Writer and physician Oliver Wendell Holmes once said, “Speak clearly, if you speak at all; carve every word before you let it fall.” He, of course, was campaigning for thoughtfulness in speech, but comprehensibility of speech remains crucially important. We all want dearly to understand and be understood by other people — and increasingly by our devices that connect us to our world.
Speech has always been humans preferred interface method — in fact the emergence of hominid speech a couple of hundred thousand years ago coincided with the origins of the species homo sapiens. But, we live now in sonic chaos — a noisy world that is getting noisier every day. We talk in cars, in restaurants, on the street, in crowds, in echo-y rooms and in busy kitchens — there are always kids yelling, horns honking or loud music playing. What can we do to combat the noise, and make speech and understanding easier?

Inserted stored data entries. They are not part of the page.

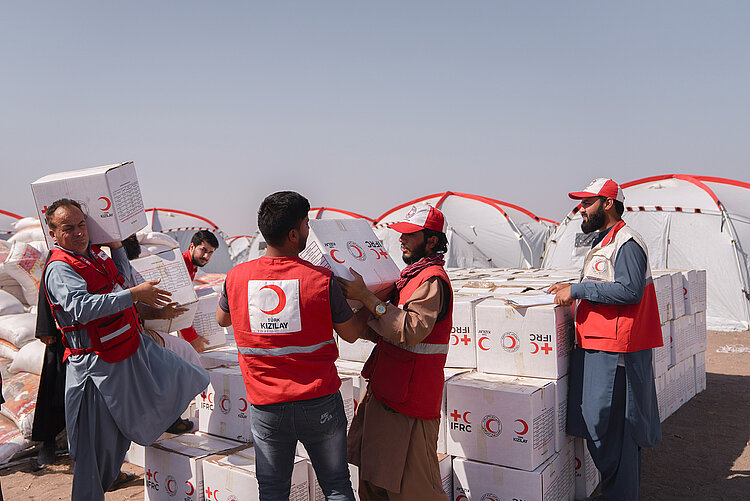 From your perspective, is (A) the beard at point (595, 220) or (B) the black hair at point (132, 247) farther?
(B) the black hair at point (132, 247)

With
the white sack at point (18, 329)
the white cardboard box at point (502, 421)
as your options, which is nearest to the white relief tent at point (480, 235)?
the white sack at point (18, 329)

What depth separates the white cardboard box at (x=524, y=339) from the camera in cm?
312

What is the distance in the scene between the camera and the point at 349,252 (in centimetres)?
249

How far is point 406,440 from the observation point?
2.35 metres

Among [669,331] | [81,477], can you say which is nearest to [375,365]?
[81,477]

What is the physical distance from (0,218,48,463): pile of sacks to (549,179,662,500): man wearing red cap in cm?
413

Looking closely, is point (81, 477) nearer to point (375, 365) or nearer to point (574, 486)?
point (375, 365)

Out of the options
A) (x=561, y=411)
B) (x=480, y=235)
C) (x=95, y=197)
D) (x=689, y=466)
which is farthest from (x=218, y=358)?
(x=480, y=235)

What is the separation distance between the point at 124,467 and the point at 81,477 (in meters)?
1.53

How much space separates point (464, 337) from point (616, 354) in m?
0.87

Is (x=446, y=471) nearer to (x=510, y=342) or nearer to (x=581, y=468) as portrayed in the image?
(x=510, y=342)

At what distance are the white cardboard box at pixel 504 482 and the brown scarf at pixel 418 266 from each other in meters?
1.21

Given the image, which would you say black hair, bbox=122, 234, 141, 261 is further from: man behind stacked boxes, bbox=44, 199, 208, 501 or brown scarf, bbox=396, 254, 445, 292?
brown scarf, bbox=396, 254, 445, 292

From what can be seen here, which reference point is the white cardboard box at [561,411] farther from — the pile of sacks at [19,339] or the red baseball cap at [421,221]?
the pile of sacks at [19,339] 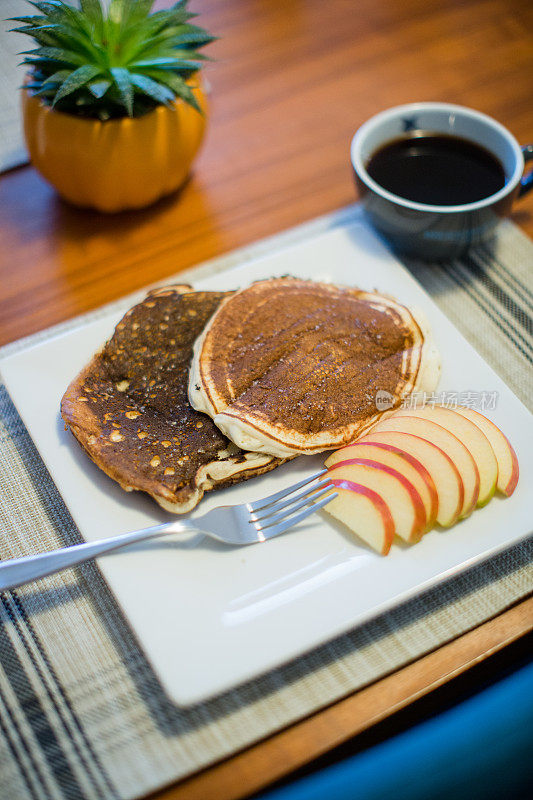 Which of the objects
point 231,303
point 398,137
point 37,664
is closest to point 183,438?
point 231,303

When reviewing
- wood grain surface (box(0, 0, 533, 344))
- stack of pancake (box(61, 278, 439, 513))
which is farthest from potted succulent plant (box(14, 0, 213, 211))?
stack of pancake (box(61, 278, 439, 513))

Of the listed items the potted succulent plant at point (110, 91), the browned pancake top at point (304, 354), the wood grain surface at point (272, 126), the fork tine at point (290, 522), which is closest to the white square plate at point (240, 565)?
the fork tine at point (290, 522)

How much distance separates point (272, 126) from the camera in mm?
2055

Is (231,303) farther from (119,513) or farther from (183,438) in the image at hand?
(119,513)

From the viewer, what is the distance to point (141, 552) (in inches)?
47.9

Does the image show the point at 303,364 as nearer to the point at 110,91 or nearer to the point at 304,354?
the point at 304,354

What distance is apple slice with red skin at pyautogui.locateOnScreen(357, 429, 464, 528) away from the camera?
124cm

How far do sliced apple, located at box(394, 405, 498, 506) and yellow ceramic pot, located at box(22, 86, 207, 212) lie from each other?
872 millimetres

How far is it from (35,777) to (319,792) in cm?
47

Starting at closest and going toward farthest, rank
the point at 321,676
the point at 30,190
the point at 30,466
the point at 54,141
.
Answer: the point at 321,676 → the point at 30,466 → the point at 54,141 → the point at 30,190

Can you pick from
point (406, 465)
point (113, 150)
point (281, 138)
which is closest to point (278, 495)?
point (406, 465)

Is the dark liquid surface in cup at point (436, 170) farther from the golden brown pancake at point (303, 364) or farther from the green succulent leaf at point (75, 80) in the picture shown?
the green succulent leaf at point (75, 80)

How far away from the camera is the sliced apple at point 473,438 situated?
1271 millimetres

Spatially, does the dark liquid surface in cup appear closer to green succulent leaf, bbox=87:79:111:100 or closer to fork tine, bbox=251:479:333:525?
green succulent leaf, bbox=87:79:111:100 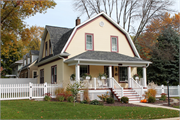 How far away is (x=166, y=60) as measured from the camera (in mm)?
23562

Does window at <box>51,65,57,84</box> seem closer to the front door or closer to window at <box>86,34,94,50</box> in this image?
window at <box>86,34,94,50</box>

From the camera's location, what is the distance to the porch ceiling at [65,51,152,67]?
16.5 meters

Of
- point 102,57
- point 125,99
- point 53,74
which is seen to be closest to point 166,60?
point 102,57

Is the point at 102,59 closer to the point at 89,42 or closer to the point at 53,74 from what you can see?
the point at 89,42

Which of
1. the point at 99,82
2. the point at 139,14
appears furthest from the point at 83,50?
Result: the point at 139,14

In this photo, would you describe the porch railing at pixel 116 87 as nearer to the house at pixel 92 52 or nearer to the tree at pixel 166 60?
the house at pixel 92 52

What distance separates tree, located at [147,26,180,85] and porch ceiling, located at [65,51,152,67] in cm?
619

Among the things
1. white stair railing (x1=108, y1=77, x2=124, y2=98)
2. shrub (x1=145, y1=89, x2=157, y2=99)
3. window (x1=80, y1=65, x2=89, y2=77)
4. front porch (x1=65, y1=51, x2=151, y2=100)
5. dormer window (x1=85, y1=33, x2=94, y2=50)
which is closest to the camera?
white stair railing (x1=108, y1=77, x2=124, y2=98)

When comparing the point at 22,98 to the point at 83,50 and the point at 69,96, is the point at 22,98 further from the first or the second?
the point at 83,50

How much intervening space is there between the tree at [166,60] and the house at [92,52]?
4.88 m

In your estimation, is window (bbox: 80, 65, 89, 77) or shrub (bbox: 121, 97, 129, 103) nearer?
shrub (bbox: 121, 97, 129, 103)

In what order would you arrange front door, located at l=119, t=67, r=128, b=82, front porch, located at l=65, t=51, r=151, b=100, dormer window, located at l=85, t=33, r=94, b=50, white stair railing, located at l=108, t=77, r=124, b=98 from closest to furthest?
white stair railing, located at l=108, t=77, r=124, b=98, front porch, located at l=65, t=51, r=151, b=100, dormer window, located at l=85, t=33, r=94, b=50, front door, located at l=119, t=67, r=128, b=82

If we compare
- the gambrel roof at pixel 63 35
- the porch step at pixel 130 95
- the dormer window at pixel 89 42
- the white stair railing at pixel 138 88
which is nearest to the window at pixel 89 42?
the dormer window at pixel 89 42

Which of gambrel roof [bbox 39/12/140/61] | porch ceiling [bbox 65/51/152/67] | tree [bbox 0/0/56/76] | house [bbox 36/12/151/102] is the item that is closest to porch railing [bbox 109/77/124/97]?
house [bbox 36/12/151/102] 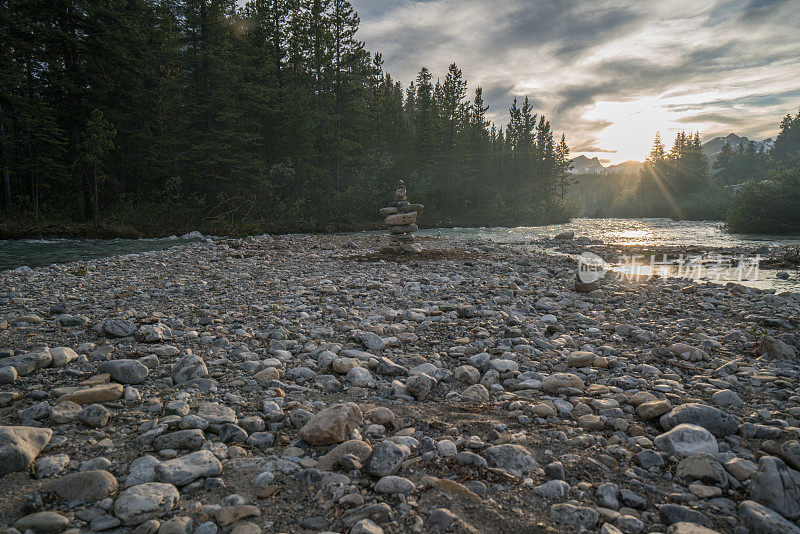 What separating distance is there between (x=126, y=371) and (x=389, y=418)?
7.92 feet

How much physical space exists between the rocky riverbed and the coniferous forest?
18800mm

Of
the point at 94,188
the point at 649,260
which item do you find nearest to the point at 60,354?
the point at 649,260

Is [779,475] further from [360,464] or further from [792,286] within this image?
[792,286]

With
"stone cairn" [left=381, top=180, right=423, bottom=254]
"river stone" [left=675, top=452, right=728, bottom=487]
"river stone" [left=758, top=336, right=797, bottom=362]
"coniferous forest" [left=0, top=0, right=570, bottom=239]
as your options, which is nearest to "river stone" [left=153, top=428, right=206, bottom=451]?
"river stone" [left=675, top=452, right=728, bottom=487]

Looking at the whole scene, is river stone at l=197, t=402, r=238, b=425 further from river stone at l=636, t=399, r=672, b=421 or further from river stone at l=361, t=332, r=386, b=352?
river stone at l=636, t=399, r=672, b=421

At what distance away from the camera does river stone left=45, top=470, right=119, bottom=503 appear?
1.83m

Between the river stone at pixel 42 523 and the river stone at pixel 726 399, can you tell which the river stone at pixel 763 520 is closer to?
the river stone at pixel 726 399

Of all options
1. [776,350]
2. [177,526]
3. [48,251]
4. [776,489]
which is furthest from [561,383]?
[48,251]

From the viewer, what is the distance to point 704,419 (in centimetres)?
266

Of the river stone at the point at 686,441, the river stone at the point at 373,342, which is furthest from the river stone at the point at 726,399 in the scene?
the river stone at the point at 373,342

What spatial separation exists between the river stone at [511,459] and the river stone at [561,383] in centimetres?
121

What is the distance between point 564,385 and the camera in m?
3.46

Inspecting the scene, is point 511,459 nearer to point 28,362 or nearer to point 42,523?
point 42,523

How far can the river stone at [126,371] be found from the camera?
321cm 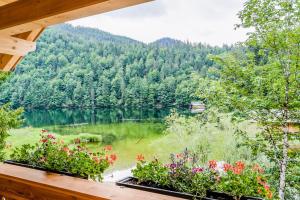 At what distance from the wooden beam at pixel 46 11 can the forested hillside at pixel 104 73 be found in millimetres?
1632

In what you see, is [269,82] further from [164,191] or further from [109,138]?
[109,138]

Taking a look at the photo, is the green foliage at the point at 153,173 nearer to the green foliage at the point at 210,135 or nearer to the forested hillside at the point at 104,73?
the forested hillside at the point at 104,73

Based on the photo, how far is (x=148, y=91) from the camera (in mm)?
3188

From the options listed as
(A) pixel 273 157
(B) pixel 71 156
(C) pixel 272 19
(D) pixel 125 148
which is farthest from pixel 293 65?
(D) pixel 125 148

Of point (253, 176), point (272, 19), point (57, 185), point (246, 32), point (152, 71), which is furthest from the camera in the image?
point (152, 71)

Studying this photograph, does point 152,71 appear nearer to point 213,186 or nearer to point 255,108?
point 255,108

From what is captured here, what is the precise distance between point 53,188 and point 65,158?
1.02ft

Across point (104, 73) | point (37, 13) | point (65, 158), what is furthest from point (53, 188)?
point (104, 73)

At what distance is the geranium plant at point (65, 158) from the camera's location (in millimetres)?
1805

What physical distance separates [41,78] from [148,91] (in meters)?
3.20

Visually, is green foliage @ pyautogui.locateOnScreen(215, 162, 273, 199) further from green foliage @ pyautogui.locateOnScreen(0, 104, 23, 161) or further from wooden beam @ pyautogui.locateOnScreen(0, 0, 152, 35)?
green foliage @ pyautogui.locateOnScreen(0, 104, 23, 161)

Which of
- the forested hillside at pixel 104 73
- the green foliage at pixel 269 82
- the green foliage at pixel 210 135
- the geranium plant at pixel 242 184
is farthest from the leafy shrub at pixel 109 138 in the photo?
the geranium plant at pixel 242 184

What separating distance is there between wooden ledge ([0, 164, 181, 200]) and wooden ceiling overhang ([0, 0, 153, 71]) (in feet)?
3.18

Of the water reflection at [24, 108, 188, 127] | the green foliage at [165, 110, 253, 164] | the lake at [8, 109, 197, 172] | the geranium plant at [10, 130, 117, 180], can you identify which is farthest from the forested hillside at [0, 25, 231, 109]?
the geranium plant at [10, 130, 117, 180]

Part of the emerging answer is speech enhancement, the electronic processing of natural human speech to pare back the noise that makes speech hard to comprehend and unpleasant to listen to. Electronic engineers have been concerned about the speech quality for almost a century, really since the emergence of radio broadcasts. Most of the speech improvement methods have evolved relatively slowly in the last couple of decades, representing gradual refinement of DSP algorithms looking to separate speech sounds from background noise sounds. The emergence of deep neural network methods is now helping algorithm designers take a fresh look at the problem, and develop much more ambitious and effective speech enhancement methods to reduce noise, remove reverberation and improve intelligibility of speech.
Speech Enhancement ≠ Speech Recognition
Speech enhancement is distinct from speech recognition. Speech recognition is focused on the problem of rendering of human speech audio into equivalent text for purpose of capturing transcriptions and controlling devices and information systems. It is also being effectively extended into automated translation of languages. Speech enhancement concentrates instead on the human auditory experience. That experience suggests two goals for speech enhancement. First, the enhancement should make the speech easier to understand bringing out the distinguishing sounds from the background of noise and acoustic impairments. Second, the enhancement should make the speech more pleasant to listen to, cut back the distracting, annoying and even painful interference of noise. These two goals are not as inevitably linked as you might imagine. Intelligibility is actually quite challenging to improve, since the human auditory system and language centers are remarkably adept at piecing together the most likely meaning of even heavily impaired speech sounds. Intelligibility is best measured by human (aka subjective) testing, but it turns out to be well correlated to objective speech quality metrics like the Normalized Covariance Metric (NCM) and several flavors of the Short-Time Objective Intelligibility (STOI). Ironically many of the classical signal processing algorithms for speech enhancement do relatively little for intelligibility. Listening comfort is better modeled by metrics like Perceptual Evaluation of Speech Quality (PESQ), a family of methods captured in the ITU-T recommendation P.862. It correlated well to reduction of the perceived noise level, but noise reduction is not the same thing as intelligibility improvement. To illustrate this, the BabbleLabs team has implemented some 19 different speech enhancement algorithms from the literature, and looked at results on noisy speech. Here are two examples, compared the original noisy example, to the “enhanced” results on the algorithms on the PESQ and NCM.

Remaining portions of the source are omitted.